Weird part #1 is that the traffic isn't for the most part shaped like crawler traffic. It's incredibly bursty, and heavily redundant, missing even the most obvious low hanging fruit optimizations.
Could be someone is using residential proxies to wrap AI agents' web traffic, but even so, there's a lot of pieces that don't really make sense, like why the traffic pattern is like being hit by a shotgun. It isn't just one request, but anywhere between 40 and 100 redundant requests.
A popular theory is that this is because of sloppy coding, AI companies are too rich to care, but then again that doesn't really add up. This isn't just a minor inefficiency, if it is "just" bad coding, they stand to gain monumental efficiency improvements by fixing the issues, in the sense of getting the data much faster, a clear competitive edge.
Really weird.
My unsubstantiated guess is the residential proxy/botnet is very unreliable, and that's why they fire so many request. Makes sense if it's sold as a service.
My website contains ~6000 unique data points in effectively infinite combinations on effectively infinite pages. Some of those combinations are useful for humans, but the AI-scrapers could gain a near-infinite efficiency improvement by just identifying as a bot and heeding my robots.txt and/or rel="nofollow" hints to access the ~500 top level pages which contain close to everything which is unique. They just don't care. All their efficiency attempts are directed solely toward bypassing blocks. (Today I saw them varying the numbers in their user agent strings: X15 rather than X11, Chrome/532 rather than Chrome/132, and so on...)
I can substantiate this a bit. Verified traffic from Amazonbot is too dumb to do anything with 429s.
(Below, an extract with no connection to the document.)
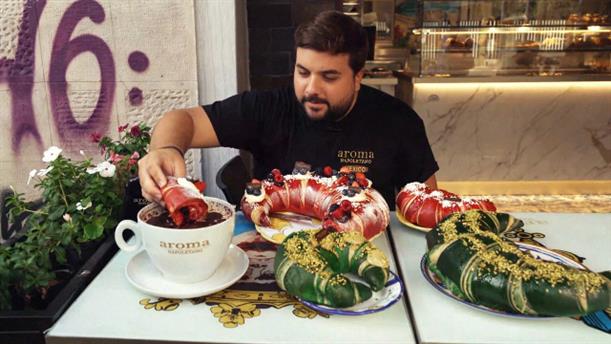 Viral τα γιγάντια κρουασάν που σερβίρει φούρνος στο Μιλάνο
They will happily slam your site with more traffic than you can handle, and will completely ignore the fact that over half the responses are useless rate limits.
They say they honor REP, but Amazonbot will still hit you pretty persistently even with a full disallow directive in robots.txt
The root sources of the traffic from residential proxies gets murky very quickly.
It's easy to follow the chain partway for some traffic, eg "Why are we receiving all this traffic from Digital Ocean? ... oh, it's their hero client Firecrawl, using a deceptive UserAgent" ... but it still leaves the obvious question about who the Firecrawl client is.
Res proxy traffic is insane these days. There is also plenty of grey-market snowshoe IPs available for the right price, from a handful of ASNs. I regularly see unified crawling missions by unknown agents using 1000+ "clean" IP addresses an hour.
I bet lot of companies want to provide search results to AI agents.